Aligning a Target Operating Model (TOM) with System Implementation

Aligning a Target Operating Model (TOM) with System Implementation

Systems Don’t Transform, Operating Models Do

When organizations roll out new systems, whether a Treasury Management System (TMS) or Risk treasury modules, the spotlight often leans too heavily on technology. But systems alone don’t deliver transformation.

Real value comes when technology is implemented in lockstep with the Target Operating Model (TOM), the blueprint for how people, processes, and technology work together to achieve strategic goals.

1.Why TOM Alignment Matters

A system that isn’t guided by the TOM risks automating old inefficiencies. For example, configuring payments to mimic legacy approval chains may deliver modern screens but not stronger controls. By contrast, TOM-aligned systems:

  • Provide real-time cash visibility and centralized liquidity management.
  • Embed governance, compliance, and auditability into workflows.
  • Enable standardized structures like in-house banking and shared services.
  • Build trust across finance and IT that investments drive business resilience.

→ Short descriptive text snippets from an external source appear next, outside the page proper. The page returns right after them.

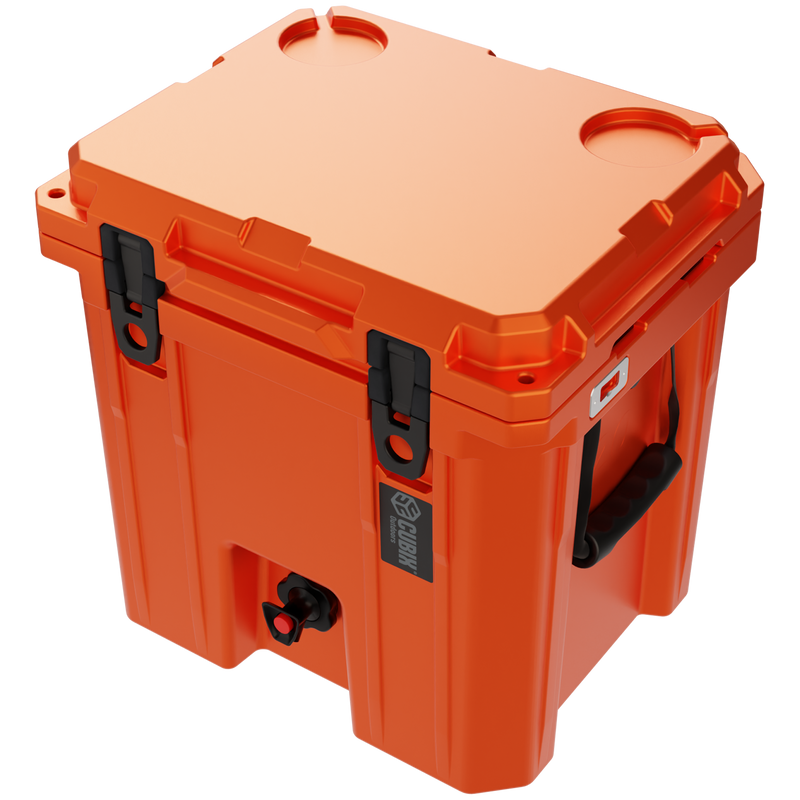 Load image into Gallery viewer, 5 Gallon, 2-in-1 Beverage Dispenser/Cooler - QuadraX Hard Cooler
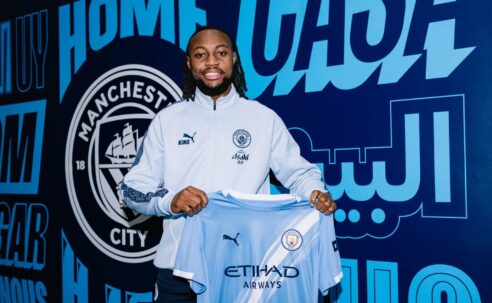 “I WANT TO RE-WRITE HISTORY” SAID ANTOINE SEMENYO ON HIS FIRST MAN CITY INTERVIEW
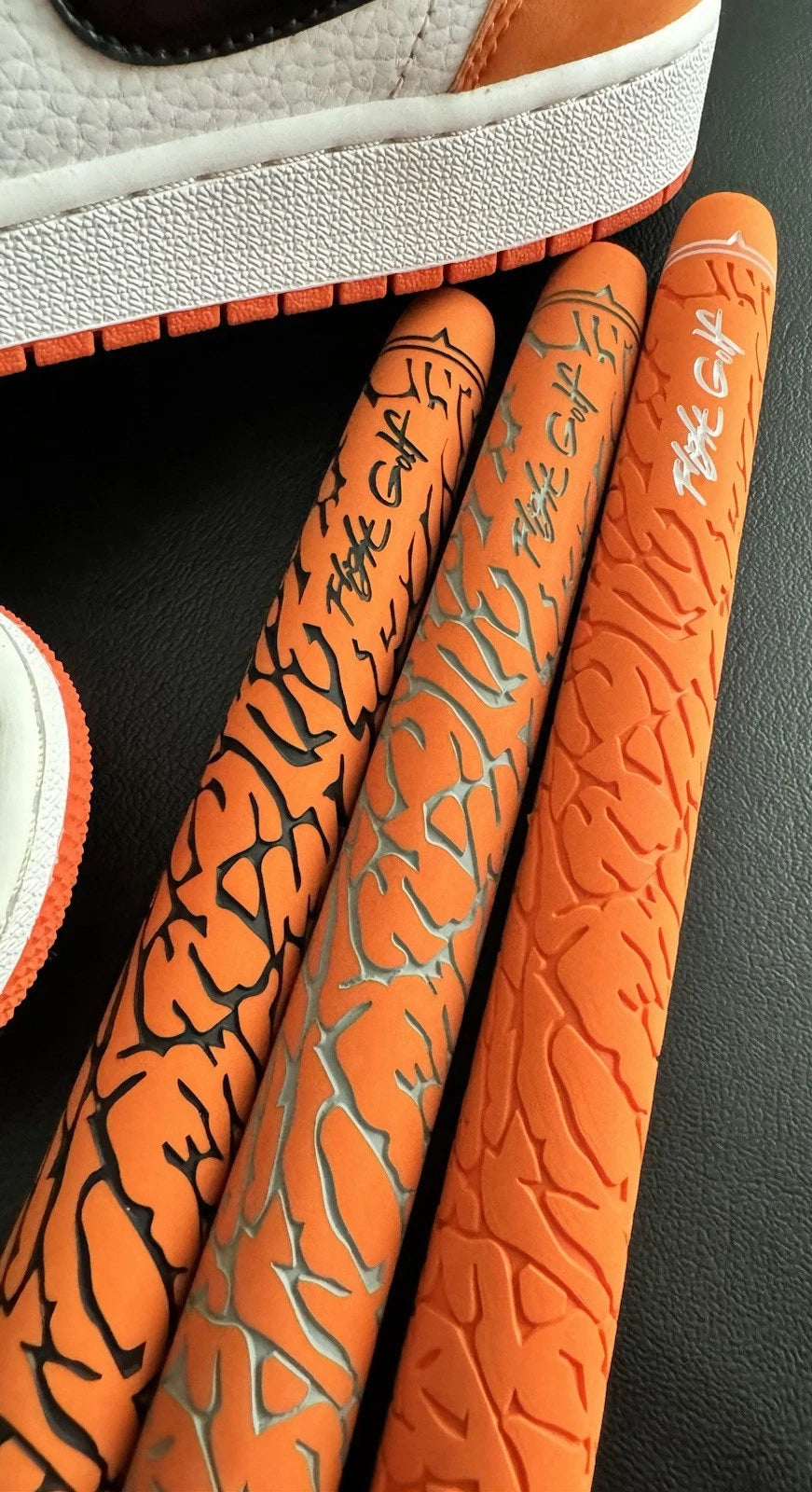 Air Jordan Golf Grips Elephant Print Soft Rubber Tour Velvet MID SIZE by Flight Golf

2. Capabilities Alignment: Workflows & Organisation

Treasury transformations succeed not only through systems but through the capabilities that surround them. TOM defines how people and processes must interact with technology:

  • Workflows → streamlined approvals, straight-through processing, automated reconciliations
  • Organisation → clear role definitions between treasury, finance, risk, and IT
  • Decision Rights → governance embedded into workflows so oversight aligns with system processes
  • Culture → collaboration across teams; siloed working prevents integrated outcomes

This ensures systems reflect how the organization needs to work tomorrow, not how it worked yesterday.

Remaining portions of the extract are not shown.